Cristina Sarb, Scope
Reform of our welfare state has been high on the agenda since the Coalition Government took office. Like in many other areas, the Government has been pressing ahead with reforms at a rapid pace.
However, a concern that has been expressed by many has been the issue that decisions about reforms which will inevitably have a great impact on disabled people’s lives are currently being made without disabled people around the table.
The reality is that there is currently a huge gap in disabled people’s representation in politics, and not just in Westminster. Among local councillors – which is generally seen as a stepping stone onto national politics – only about 14 per cent reported that they were disabled according to the census in 2010.
This lack of disabled people’s representation in our politics at all levels is a sign of a long-standing deficit in our democracy. A step change is needed to boost the number of disabled people who stand for elected positions.
Given the low numbers of disabled people in political life, it is welcome that the Government has committed to act on this.
We are particularly pleased that they’ve taken on board one of the proposals that Scope has put forward to the Speaker’s Conference – and will be launching this week a dedicated fund to cover the additional financial costs of running for election that disabled people incur.

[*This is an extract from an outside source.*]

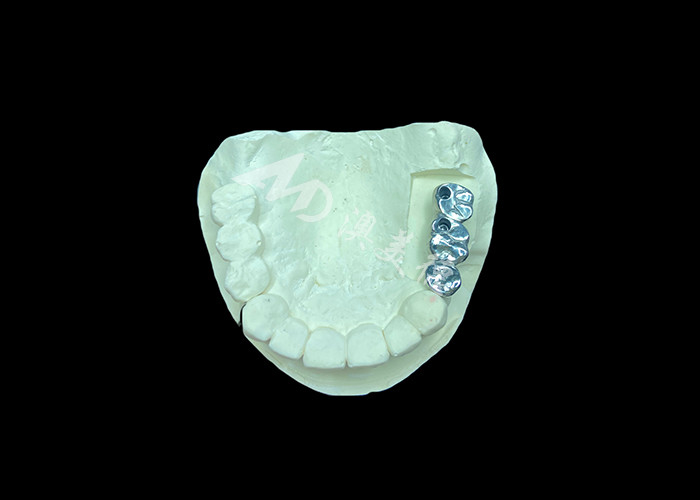 Implantation dentaire en titane à couronne de plâtre à longue durée de vie pour remplacer les dents manquantes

The fund is based on a recognition that extra costs – such as those arising from the cost of employing an interpreter for a selection interview or from the cost of taking a taxi rather than a bus due to the inaccessibility of transport – present a serious barrier for disabled people wanting to stand for elected office.
By aiming to tackle this additional financial disadvantage that disabled candidates face, the access to elected office fund will be instrumental in helping to achieve a more representative make-up of Parliament.
The issue of representation is hugely important, as is shown by the growing body of evidence that disabled people make a positive difference to the quality of decision-making and bring a fresh perspective.
We can also expect ensuring disabled people have a greater presence and voice in politics to improve attitudes towards disabled people. A Scope poll found that 79 per cent of disabled people believe that having more disabled politicians would have a positive effect on attitudes.
The opportunity we have at the moment is to re-imagine what we want politics to look like, and the representation of disabled people must be at the heart of the agenda.
We cannot afford not to act now. Unless we do, we are bound to witnesses trust in politics steadily ebbing away – with more disabled people losing confidence in a political system that fails to make their voices heard and doesn’t focus on the issues that matter to them.
As one of the respondents to our poll put it:
I really feel that until there are more disabled politicians with a high profile, there will never be a good understanding of the problems disabled people have to deal with”.
Accurate data is difficult to come by as there are no official figures on the number of disabled people who put themselves forward as candidates for election. But it has been estimated that we would need at least 65 disabled MPs if the House of Commons were truly reflective of the people it represents.
The launch of the access to elected office fund could be the moment where change starts.